An exact copy of the data is required; the images should not appear in it.

Dataset extract ::
┌──
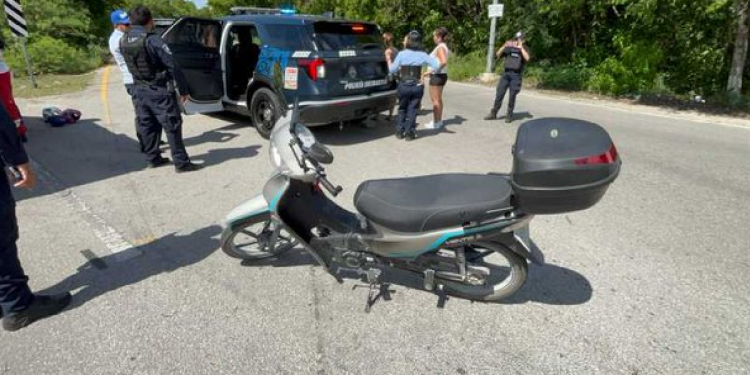 motociclista arrolla a una familia en Playa del Carmen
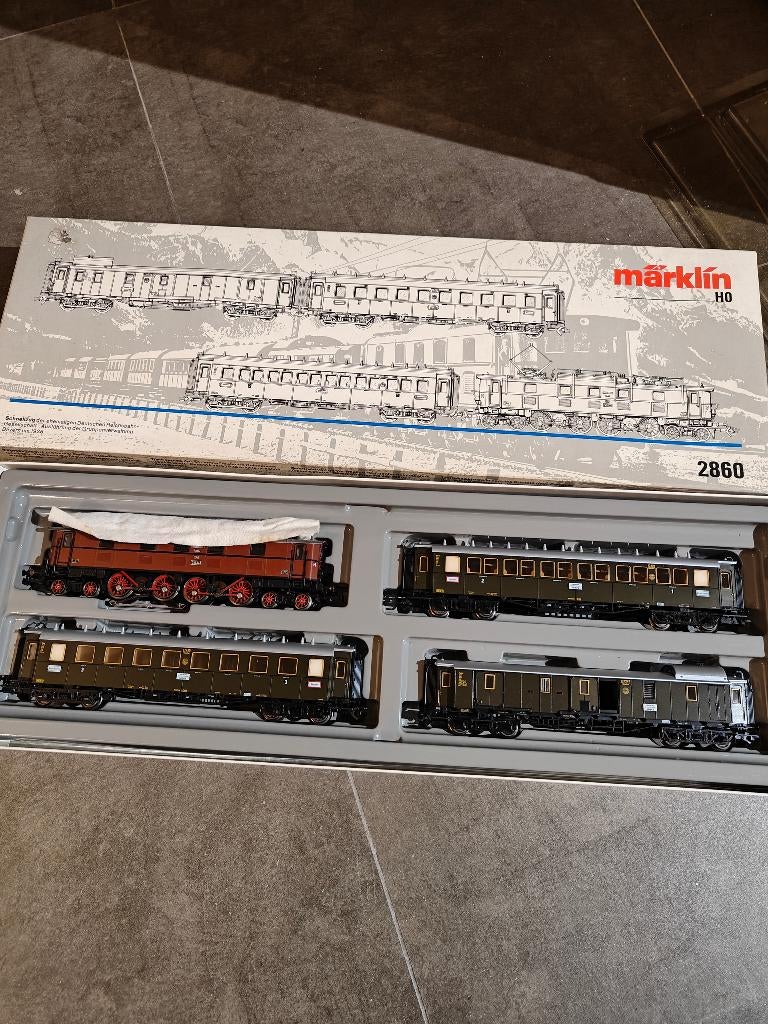 Kit de train Marklin 2860, Enlèvement ou Envoi, Courant alternatif, Comme neuf, Set de Trains
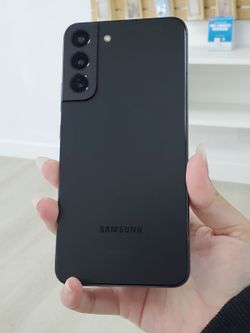 Samsung Galaxy S22 Plus 5G 6.6" (Unlocked) 128GB Excellent Phantom Black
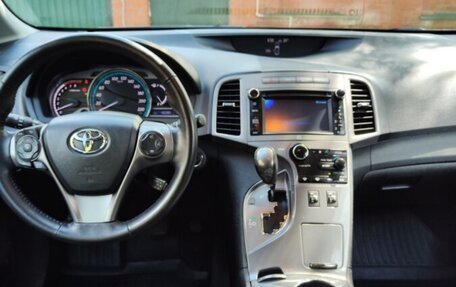 Toyota Venza I, 2013 год, 2 950 000 рублей, 2 фотография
└──
Solution for this problem ::
 motociclista arrolla a una familia en Playa del Carmen
 Kit de train Marklin 2860, Enlèvement ou Envoi, Courant alternatif, Comme neuf, Set de Trains
 Samsung Galaxy S22 Plus 5G 6.6" (Unlocked) 128GB Excellent Phantom Black
 Toyota Venza I, 2013 год, 2 950 000 рублей, 2 фотография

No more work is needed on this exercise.